Как видно, существующее обилие классификаций отличается тем, что часто в одном ряду оказываются несопоставимые понятия. А в силу многообразия природы терроризма по различным основаниям можно выделить огромное количество его разновидностей. Однако во многом это обилие отражает не специфические черты терроризма как социально-политического явления или же только ему присущие криминологические особенности, а общие опознавательные знаки для многих других явлений общественной жизни.
На мой взгляд, классификаторы допускают определенную ошибку. Они недостаточно отграничивают терроризм как форму насильственного разрешения конфликта от других форм насилия, в том числе легитимных.
Согласно П. Уилкинсону, существует три политически мотивированных типа терроризма: репрессивный, полуреволюционный, революционный, а также терроризм без специфической цели — побочный продукт частого насилия и так называемый «спазм»-терроризм или серия атак относительно низкой интенсивности и короткой продолжительности, но достаточно сильно дестабилизирующих общественное сознание и мир.
Пытаясь упорядочить существующие сложные классификации по общим критериям, предлагалось разделять терроризм по видам на международный и внутренний; по типам — на социальный, националистический, религиозный, «левый» или «правый»; по формам — на заговорщический, политический, уголовный, информационный, психологический, захват заложников и т. п. При этом террористические группы и организации разграничивались по преследуемым ими целям на социально-политические, национально-освободительные, сепаратистские и религиозные. Однако, по моему мнению, многие из перечисленных категорий либо дублируют классификацию экстремизма, либо фиксируют одну из неотъемлемых черт всех проявлений терроризма (любой терроризм по своей природе воздействует на психологию, превращается в форму политической борьбы, а по криминологической составляющей расценивается как преступление. Во всем этом мы убедимся, рассматривая положение в Чечне и, в частности, анализируя ход и приговор махачкалинского процесса).

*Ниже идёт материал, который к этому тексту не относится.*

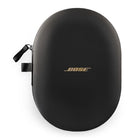 Bose QuietComfort Ultra 2nd Gen Wireless Noise Canceling Over-Ear Headphones - Desert Gold-Get to the music quicker with step-by-step setup and make the headphones totally yours with customizable EQ and shortcuts.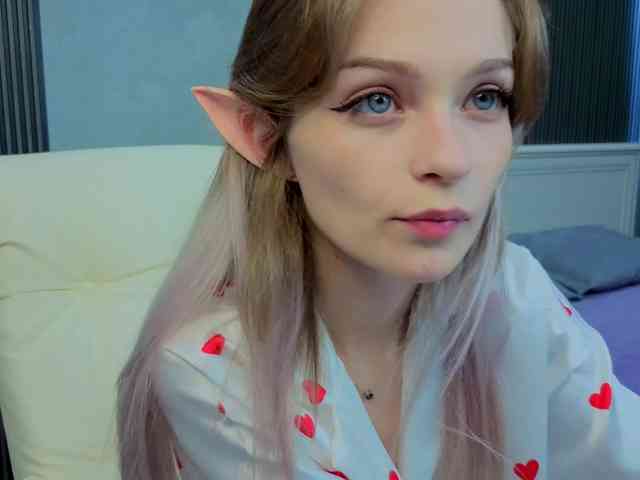 vialeta-baby webcam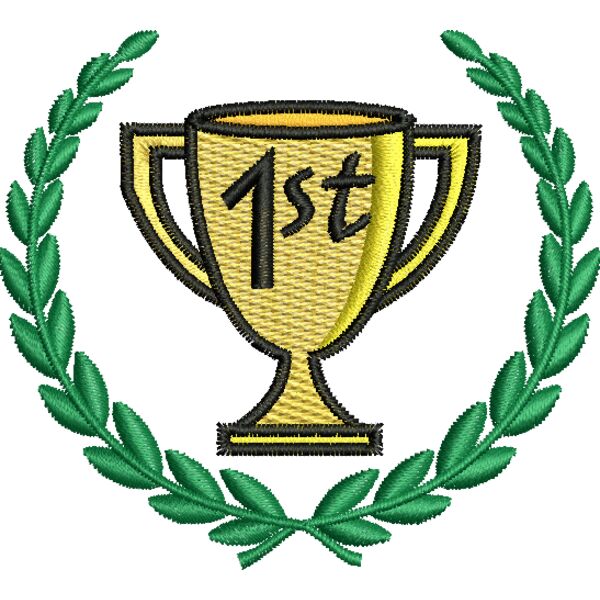 71438 Miniaturansicht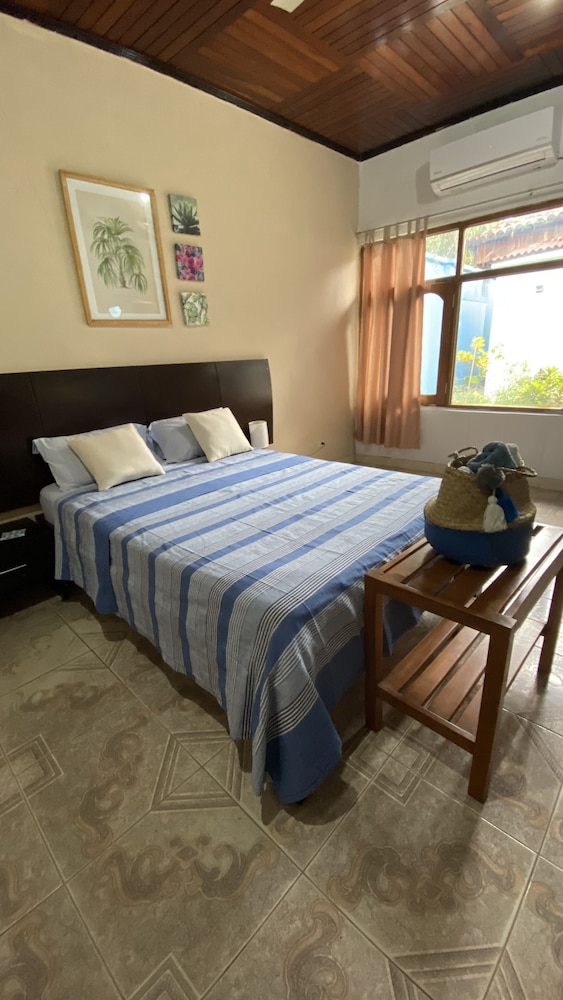 Superior Room, Multiple Beds, Accessible, Pool View photo 2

Понимание явления «терроризм» именно как «традиционного преступления», обладающего лишь специфическими криминологическими особенностями, исключительно важно прежде всего для целей эффективного сотрудничества по вопросам уголовного правосудия. В частности, выделение терроризма и преступлений террористической направленности в группу «политических» преступлений (в силу идеологической составляющей терроризма как явления общественно-политической жизни) заведомо создает препятствия в таких вопросах, как выдача, а также взаимная правовая помощь по уголовным делам.

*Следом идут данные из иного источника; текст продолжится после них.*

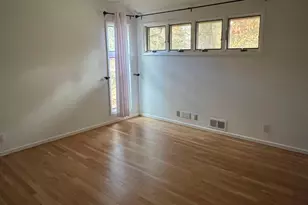 4 Norgate Rd, Glen Head, NY 11545 - Photo 11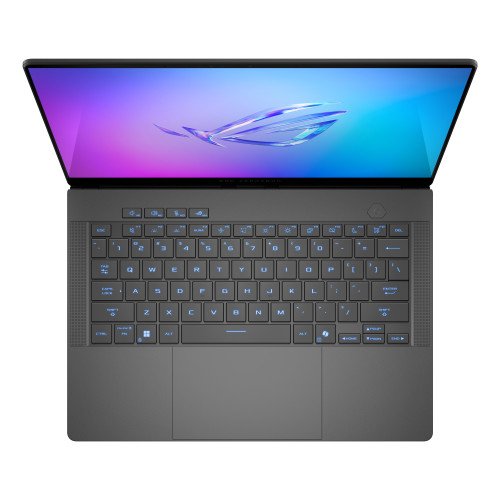ROG Zephyrus GA403GM-SY097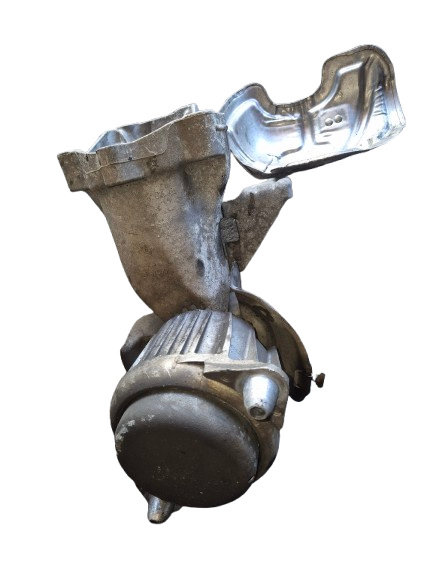 Tampon motor Mercedes E-Class W212/ C-Class W204 2.2 CDI Euro 5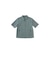 HIKING PATROL (ﾊｲｷﾝｸﾞﾊﾟﾄﾛｰﾙ) - EDGE LT SOFTSHELL TECHNICAL SS SHIRT (EDGE LT ｿﾌﾄｼｪﾙﾃｸﾆｶﾙｼｮｰﾄｽﾘｰﾌﾞｼｬﾂ) SS26102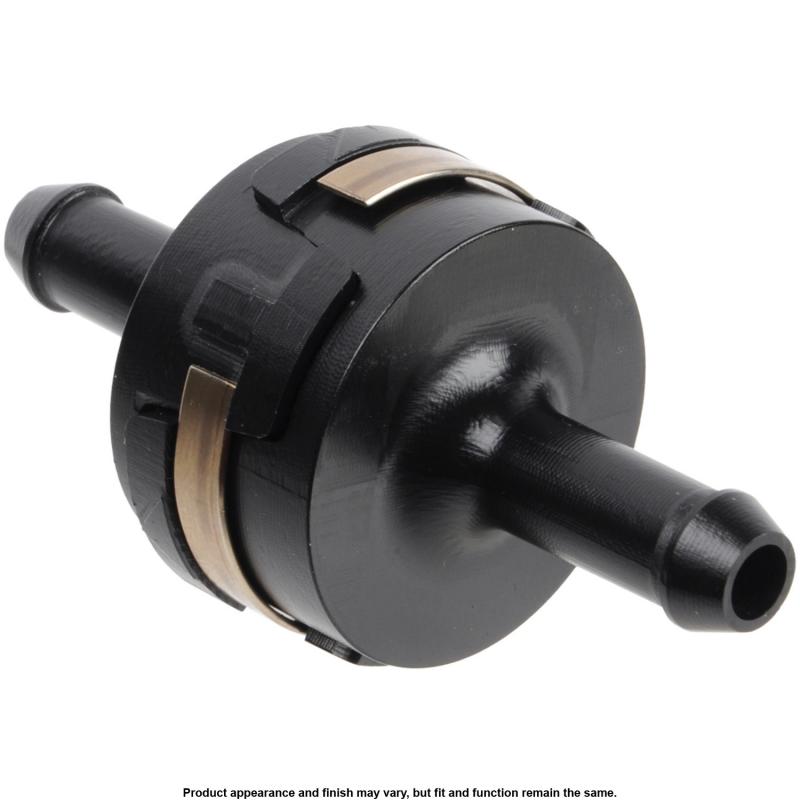 A1 Cardone 20P038F - Power Steering Filter A1 Cardone 20P038F Power Steering Filter product image 4 of 4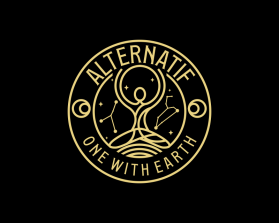 ALTERNATIVE entry by Erlando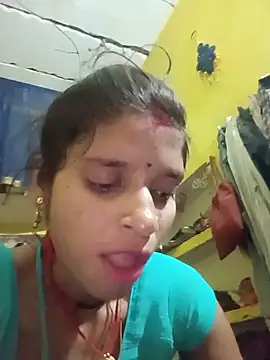 Snapshot of Punam_jindal chatting on 18, 5, 2026 Punam jindal online show from 18, 5, 2026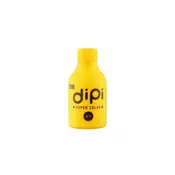JUB DIPI color ŽUTI 100ml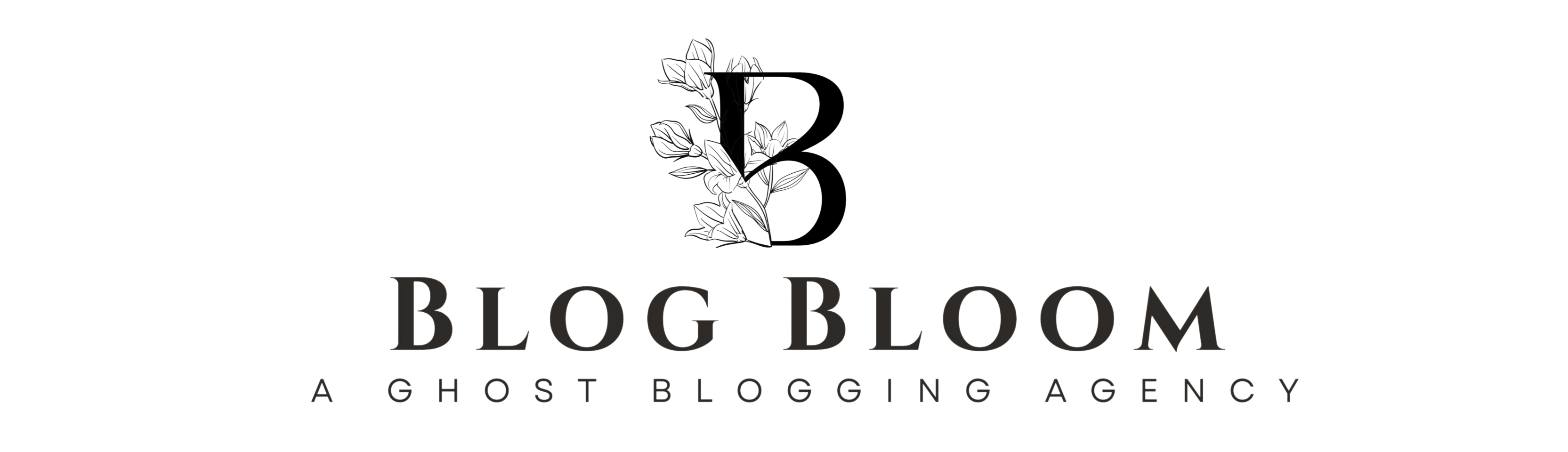 Blog Bloom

Как было заявлено в процессе работы над Конвенцией Организации Американских Государств по борьбе с терроризмом, «терроризм — это акты, которые сами по себе могут быть классическими формами преступления (убийство, поджог, использование взрывчатки), но отличаются от классических уголовных актов тем, что они осуществляются с умыслом вызвать панику, беспорядок и террор в организованном обществе, для того чтобы разрушить социальную дисциплину, парализовать силы общественного отпора, повысить боль и страдания сообщества».

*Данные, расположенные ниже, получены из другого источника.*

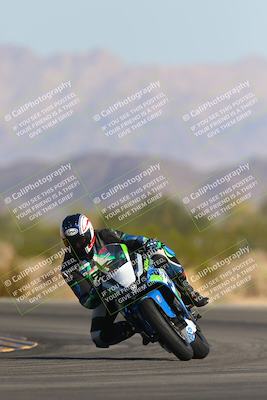 media/Nov-11-2023-SoCal Trackdays (Sat) [[efd63766ff]]/Turn 5 (1010am)/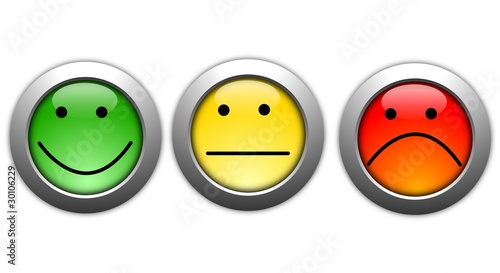 customer service feedback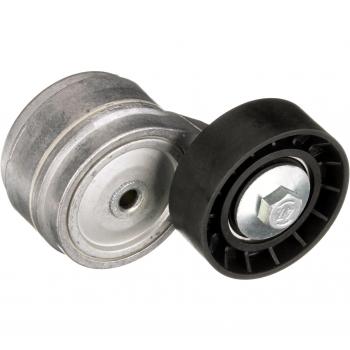 Tensor de Correia Trapezoidal GATES T38588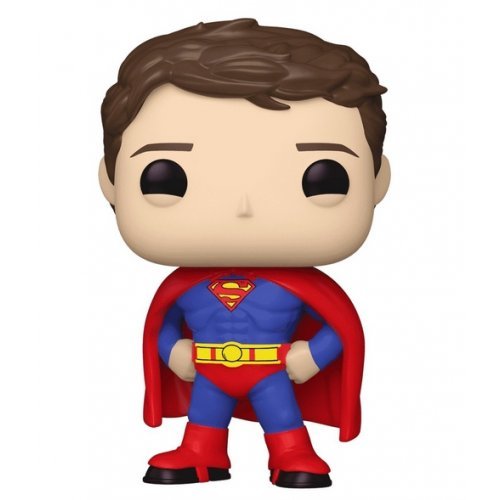 Фигури и статуетки > Funko 1645 (снимка 1)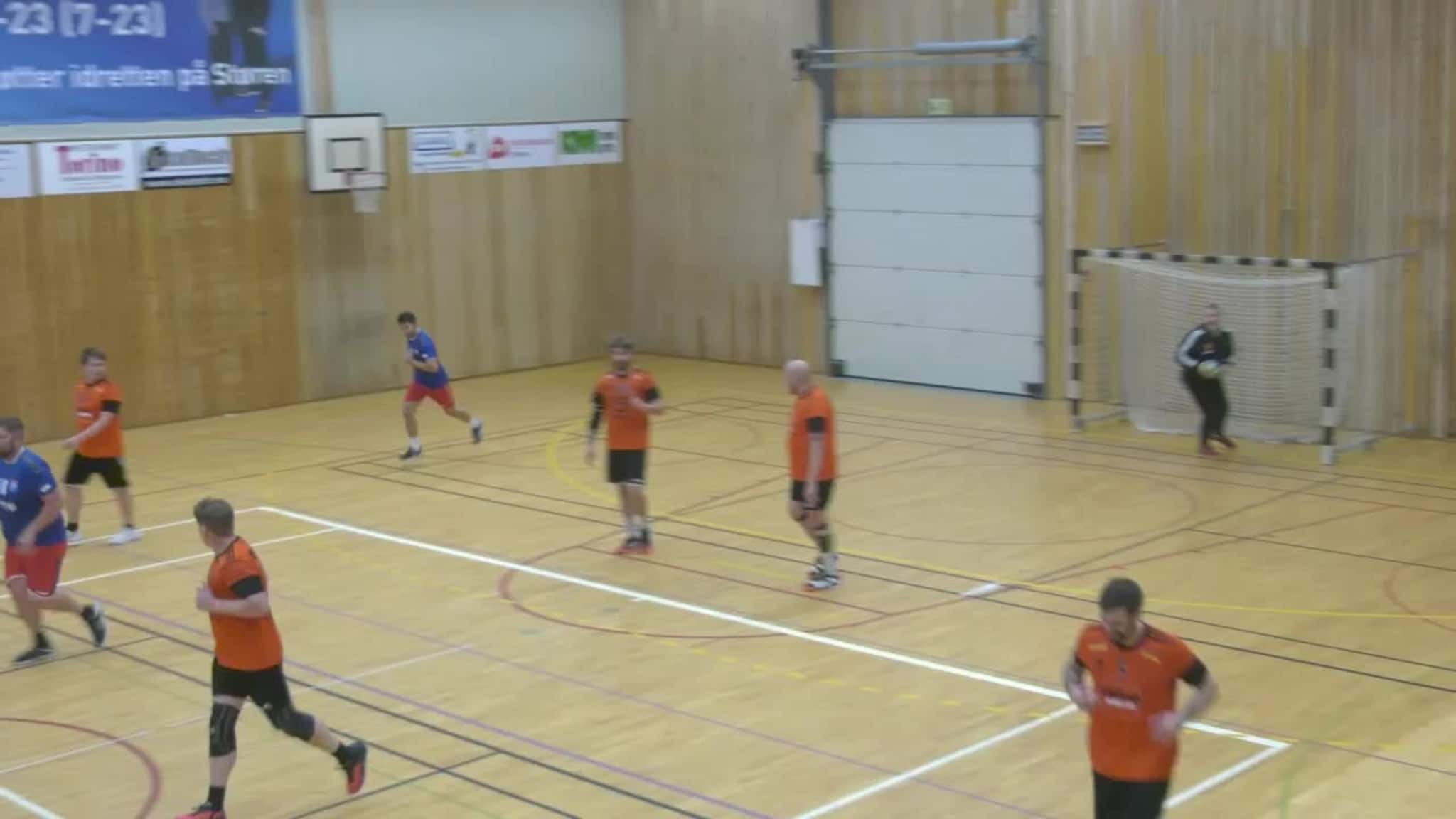 Highlights 2023-08-27 Støren-Utleira.mp4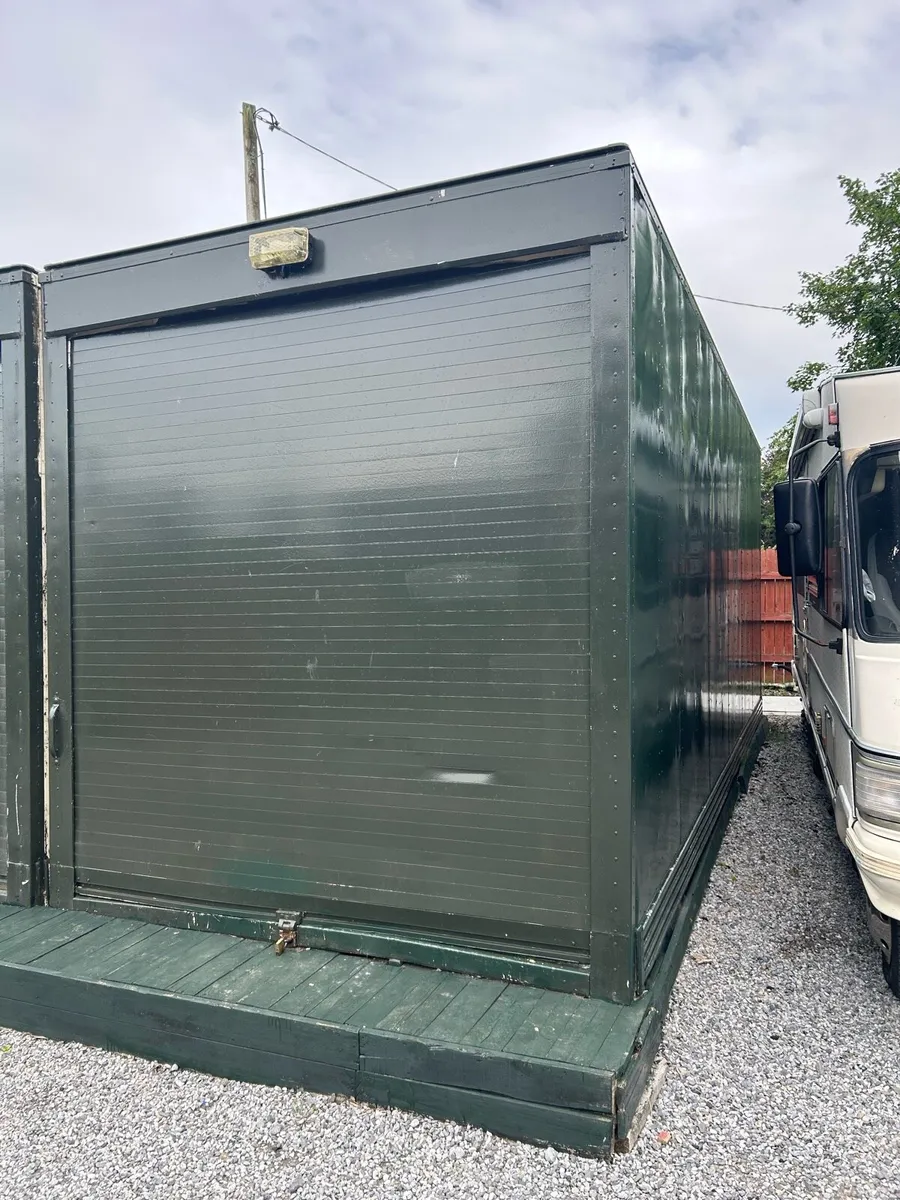 Containers - Image 2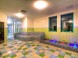 Wellness SPA Bardejov #12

Именно по причине присущего им характера повышенной общественной опасности террористические акты не могут считаться политическими преступлениями. Заведомая нелегитимность насилия ставит терроризм вне рамок правомерных средств политической борьбы и в силу этого никакие ссылки на политическую природу данного насилия не могут служить ему оправданием.
Когда сообщество становится арбитром
Международное сообщество порой начинает выступать в качестве арбитра, но только по отношению к государству. Насилие, выходящее за установленные международным правом нормы поведения и стандарты разрешения социальных конфликтов, считается преступлением и заслуживает жесткой реакции со стороны государства. Само государство в случае избыточного (прежде всего, с точки зрения международного гуманитарного права и прав человека) ответа на действия террористов может быть подвергнуто международному воздействию и вынуждено в своих действиях придерживаться установленных стандартов. Что за заколдованный круг?
Здесь грани особенно хрупки и могут быть нарушены. Но в этом-то и проявляется государственная мудрость: чувствовать грань, не переходить границ. Но всегда ли это возможно?